*YOUR ASSIGNMENT*.
Repeat the lines of the data exactly and exclude any picture among them.

*SUPPLIED INFORMATION*.

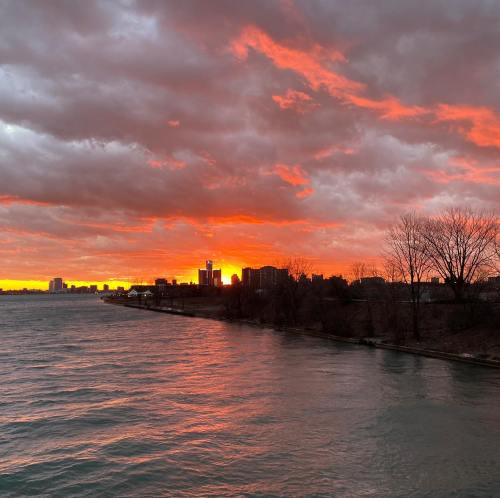 A vibrant sunset over a calm body of water, with dramatic clouds and city skyline in the background.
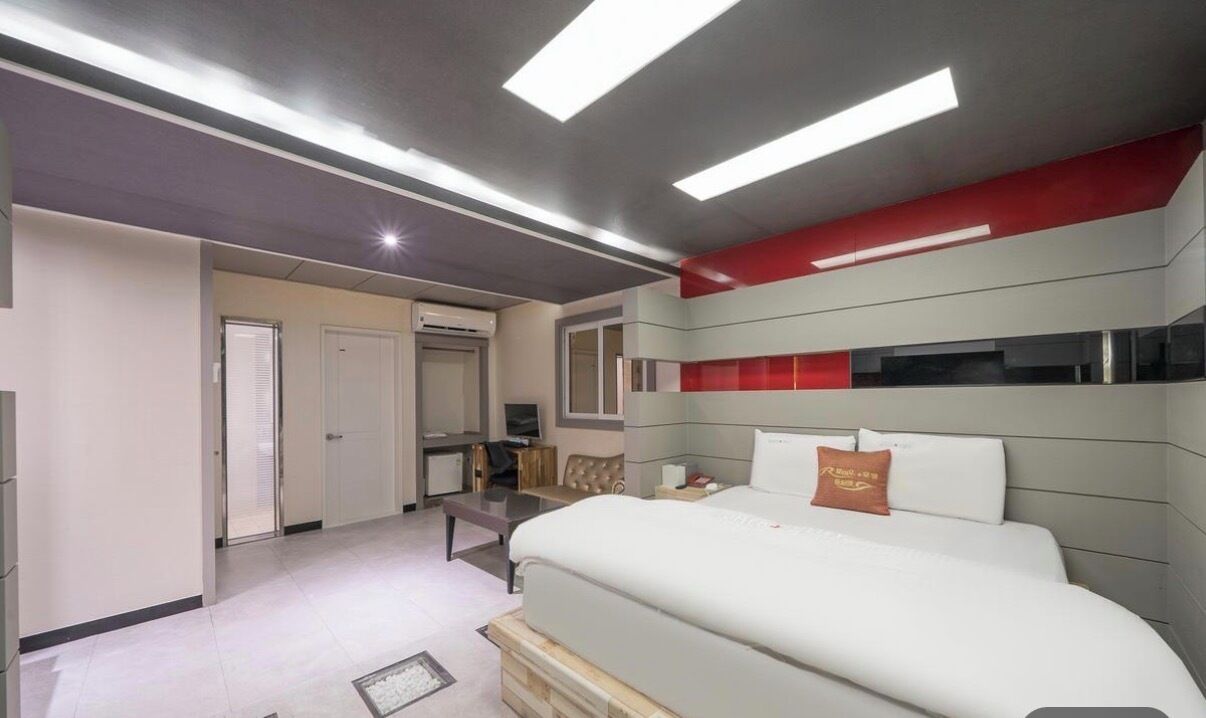 Une chambre d’hôtel moderne équipée d’un lit, d’une table de chevet et d’un petit bureau.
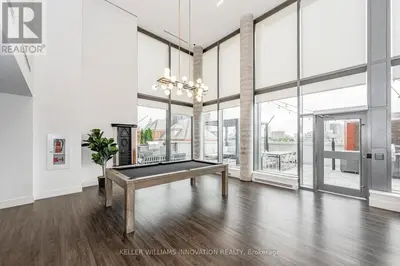 a large white room with a pool table in it at Hydropool Spa Hot Tub Bowling Alley Patio BBQ Games in Kitchener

*SOLUTION FOR THIS TASK*.
 A vibrant sunset over a calm body of water, with dramatic clouds and city skyline in the background.
 Une chambre d’hôtel moderne équipée d’un lit, d’une table de chevet et d’un petit bureau.
 a large white room with a pool table in it at Hydropool Spa Hot Tub Bowling Alley Patio BBQ Games in Kitchener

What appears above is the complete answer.